-- STORED DATA follows --
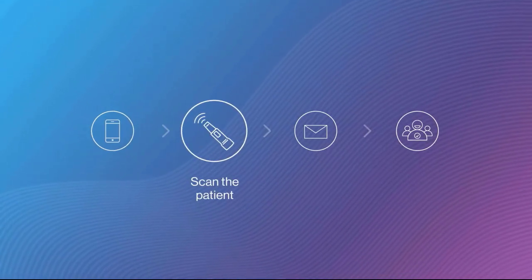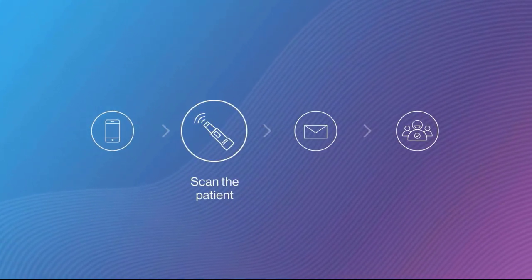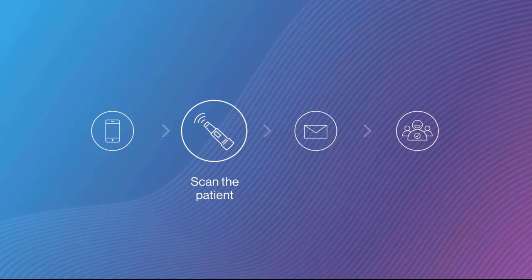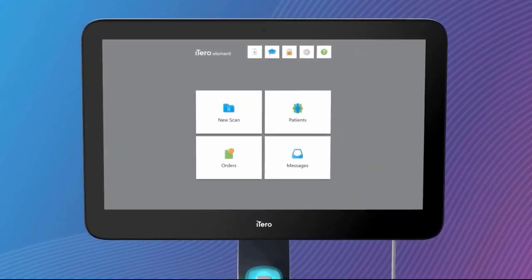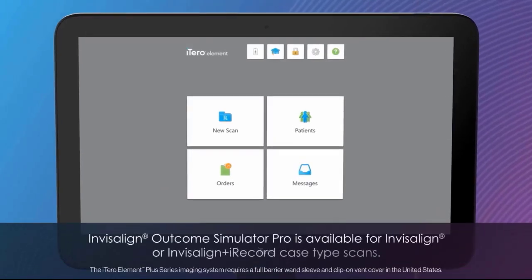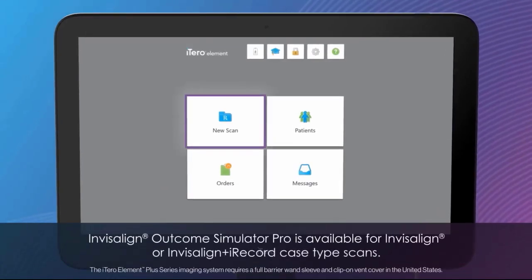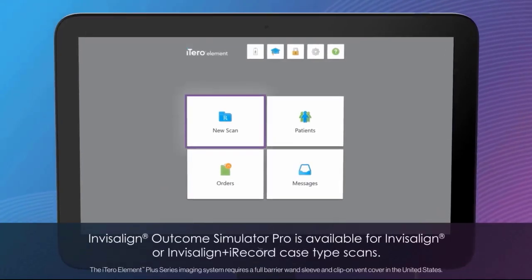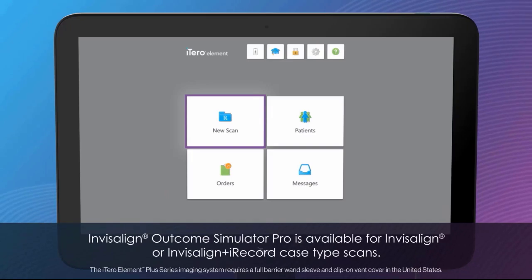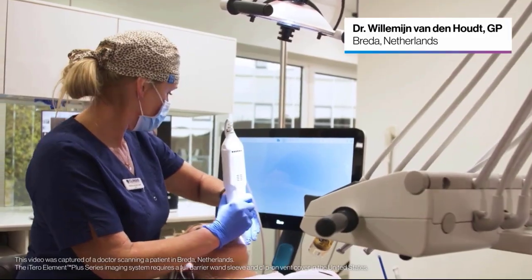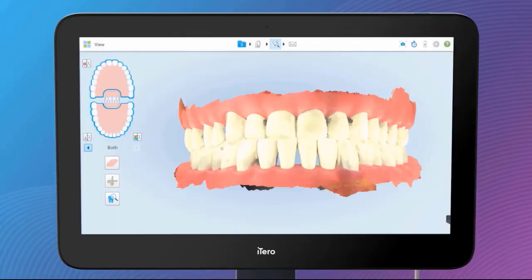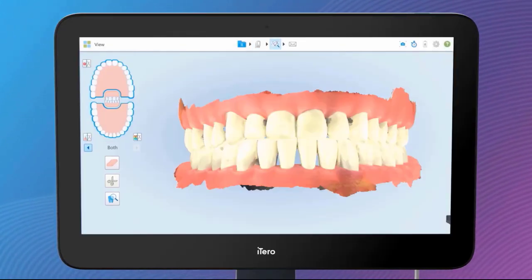The second step is to scan the patient. Log in to your scanner account and start a new scan. Alternatively, if you already have a scan, you can open it directly from the scanner or through the myitero.com portal to run the simulation. Scan the patient. Tap the View Tool button and review the scan for any holes.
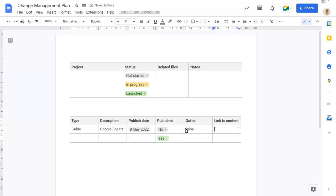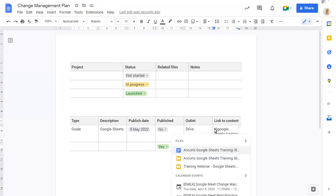To add a link to a file, type at and a description of the document. You can then choose the document from the list of suggestions.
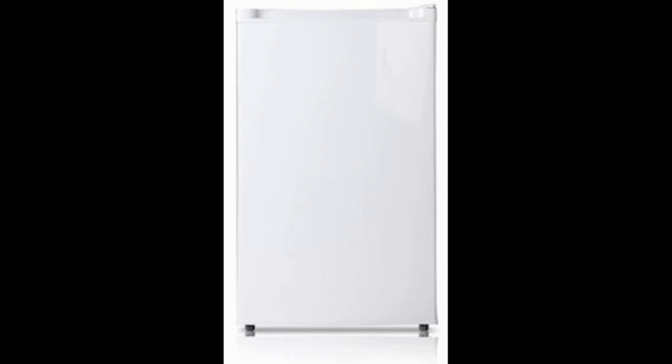This under counter freezer comes with a 1 year warranty and is excellent for small kitchens, family rooms and anywhere that you may want to keep your beverages and snacks.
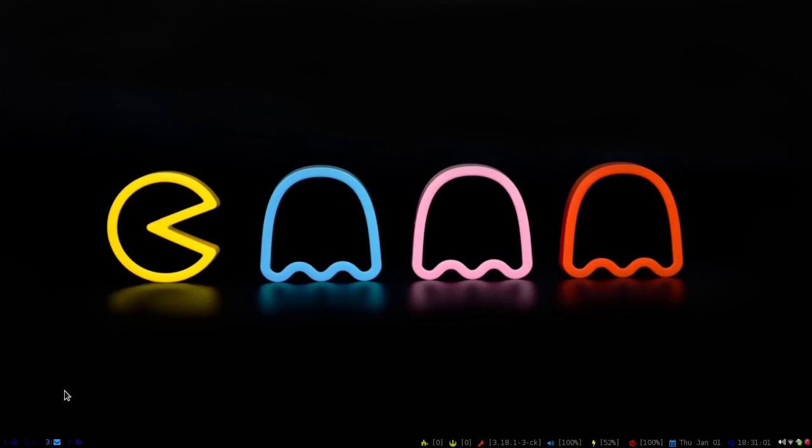Hey guys, happy new year. I decided to make another video on i3. I did get a request on how to pipe Conky into the bar instead of the standard i3 status.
-- STORED DATA concluded --
### DESCRIPTION OF THE TASK
A faithful copy is needed of the lines from the one containing "This under counter" through the last line of the data above, with pictures left out.

### WRITTEN REPLY
This under counter freezer comes with a 1 year warranty and is excellent for small kitchens, family rooms and anywhere that you may want to keep your beverages and snacks.
Hey guys, happy new year. I decided to make another video on i3. I did get a request on how to pipe Conky into the bar instead of the standard i3 status.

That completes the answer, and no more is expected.